▸ **Directions**: Repeat word for word the lines from the one containing "Mia online show from April 25, 7:55 am" to the end of the material below, and leave all pictures out.

▸ **Provided material**:
******************************

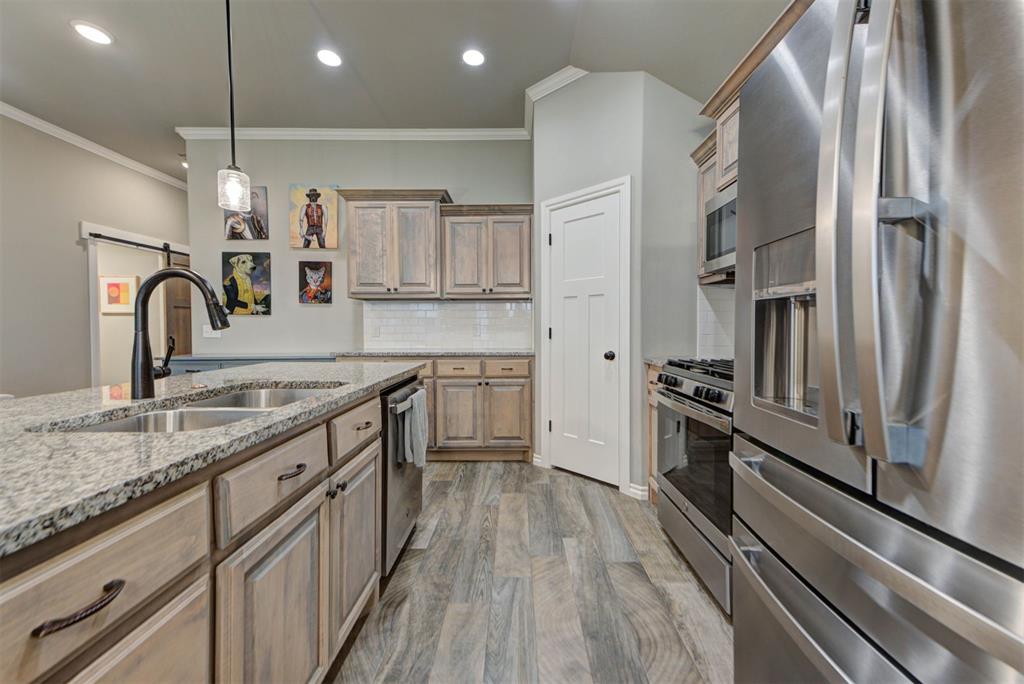 9105 Yassir Boulevard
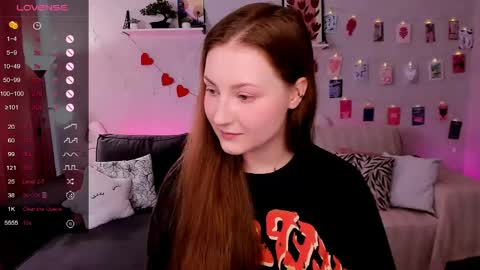 Mia online show from April 25, 7:55 am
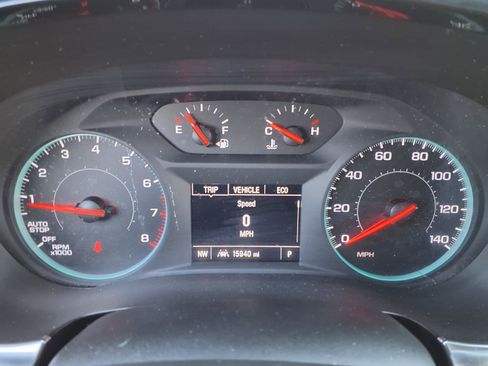 Used 2023 Chevrolet Traverse LS FWD image 13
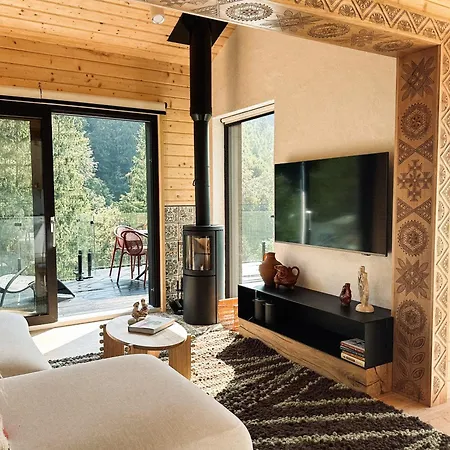 хатинка в горах *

******************************

▸ **Response**:
 Mia online show from April 25, 7:55 am
 Used 2023 Chevrolet Traverse LS FWD image 13
 хатинка в горах *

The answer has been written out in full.